The CSTO launched in 2002, an evolution of the post-Soviet Collective Security Treaty (CST) which had been formed in 1992. The alliance currently counts among its members Armenia, Belarus, Kazakhstan, Kyrgyzstan, Tajikistan, and Russia – the latter widely viewed as leading the organization by dint of its massive size and overwhelming influence. Uzbekistan had been party to the CST but declined to extend its association in 1999, a decision also made by Georgia and Azerbaijan. Tashkent, however, did join the CSTO in 2006, but withdrew in 2012.
Armenia is on track to be the CSTO’s second full member to withdraw.
In June, Armenian Prime Minister Nikol Pashinyan denounced the CSTO for failing to come to Armenia’s aid in its conflict with Azerbaijan. “We will leave,” Pashinyan said during a parliament session. “We will decide when to leave. We won’t come back, there is no other way.”

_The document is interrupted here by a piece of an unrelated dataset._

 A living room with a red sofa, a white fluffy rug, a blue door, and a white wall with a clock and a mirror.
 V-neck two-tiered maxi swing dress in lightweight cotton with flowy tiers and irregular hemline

As DW reported, however, there have been mixed diplomatic signals. After Pashinyan’s comments hit headlines, Armenian Foreign Minister Ararat Mirzoyan said the country hadn’t announced a withdrawal from the CSTO yet. “Those who assert that the prime minister said that Armenia is withdrawing from the CSTO are mistaken,” Mirzoyan said.
When Azerbaijan launched attacks and seized Armenian-controlled territory in September 2022 – an escalation and extension of the long-frozen Nagorno-Karabakh conflict – Yerevan invoked CSTO Article 4, which provides a guarantee of the “safety, stability, territorial integrity, and sovereignty” of a member state by all the member countries against external aggression. But, as Saadi Khamidov explained in an article for the The Diplomat last year:
[I]n the aftermath of this event, Armenia was greeted with a small CSTO mission dispatched to do some fact-finding and observation. With Russia preoccupied with its war in Ukraine, it does not come as a surprise that the CSTO’s response was so irresolute. For Yerevan, nevertheless, it is an indication that Russia can no longer guarantee Armenia’s security, which is of particular concern for a country that is sandwiched between two hostile neighbors: Azerbaijan and Turkey. This represents a blot on the credibility of the CSTO in the eyes of the Armenian government and the public.
Since 2022, Armenia’s relations with the CSTO – and Russia – have continued to worsen.
Armenia skipped the CSTO’s late November 2023 summit in Minsk and that same month formally registered its ratification of the Rome Statute of the International Criminal Court (ICC). In February 2024 Pashinyan said Armenia had “frozen” its membership in the CSTO. In February Armenia’s ICC membership came into effect, meaning that should Russian President Vladimir Putin step foot in the country, Yerevan is obliged to arrest him, given an ICC warrant for the Russian president’s arrest. In May, the Armenian Foreign Ministry announced that it would not sign the CSTO’s 2024 budget
When it comes to military exercises, the upcoming engagements in Russia and Kyrgyzstan are not the first Yerevan has skipped. Indestructible Brotherhood-2024 – a command and staff exercise with the CSTO Peacekeeping Forces – took place in Kazakhstan in June without Armenia.
Indeed, abstaining from such exercises flows naturally from Pashinyan’s statement that the Armenian relationship with the CSTO is “frozen” and the ensuing budget decision.
The only question appears to be when – not if – Armenia formally parts ways with the CSTO.